Even as Selvaraju, the executive chef of Graze (the fine dining European restaurant at Vivanta by Taj), sautees a slice of fresh foie gras in butter, serves it up with a flourish along with some balsamic vinegar reduction, his mind is on the dish of fish curry waiting for him at home. “That’s meal I’ve been looking forward to all day,” he says.
Back home in Trichy, his mother used to make a similar fish curry—tangy, seasoned with curry leaf and doused in coconut milk. Eaten with steamed rice and dollop of coriander chutney. “It’s my favourite. I must have it at least once a week,” he says, remembering how the spices were finely blended on a grinding stone and the fish gently simmered in an earthen pot.

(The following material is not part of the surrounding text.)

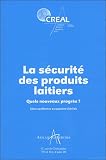 CREAL 2004 : La s�curit� des produits laitiers : Quels nouveaux progr�s ?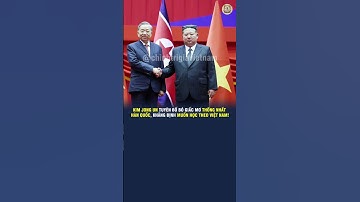 KIM JONG UN TUYÊN BỐ BỎ GIẤC MƠ THỐNG NHẤT HÀN QUỐC, KHẲNG ĐỊNH MUỐN HỌC THEO VIỆT NAM!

A finicky eater as a child, Nimish Bhatia, the regional executive chef at the Lalit Ashok, grew up in Kashmir. His mother would tempt him with exotic creations inspired by magazines and recipe books. “One day she made rajma chawal , and that has topped my list ever since,” says the chef who just planned and executed a ten-course meal for the Chaîne des Rôtisseurs, an international gastronomic society headquartered in Paris, “It’s simple and completely satisfying, made with whitish beans called chitra , lightly cooked with tomato and garlic. Eaten with steamed rice and maybe some anardana chutney on the side,” says Bhatia.
As close friends arrive at Jean Michel Jasserand’s home, the former executive chef of the Leela (now with his own chain of restaurants) is busy steaming a batch of cous cous and putting the finishing touches to a large pot of vegetables, lamb and chicken simmered in Morrocan spices to go with it—a monthly ritual that takes him back to his childhood in the south of France. “Cous cous was my mother’s piece de resistance . I make it especially for family and close friends,” he says of the dish that he calls his all-time ‘comfort food special’.

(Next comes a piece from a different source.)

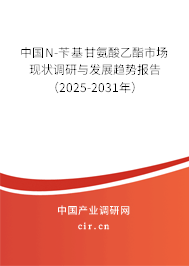 中國N-芐基甘氨酸乙酯市場現狀調研與發展趨勢報告（2025-2031年）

Abhijit Saha may run two upscale restaurants serving Mediterranean and European food but his first choice (being Bengali of course) is macher jhol . “Fish curry—rahu cooked with jeera, green chilly, onion, garlic and ginger, seasoned with mustard oil and thickened with mashed potato. But that’s not all; growing up in a boarding school in Darjeeling, steaming hot momos were quite the treat. We had ‘Daju’— a security guard by night, tuck man by day—who brought them from home. Eggs are another favourite; you can eat them anytime, turn them into fluffy omelettes or softboiled with salt and pepper. They are nature’s comfort food— and a bachelor’s best friend, says Saha.”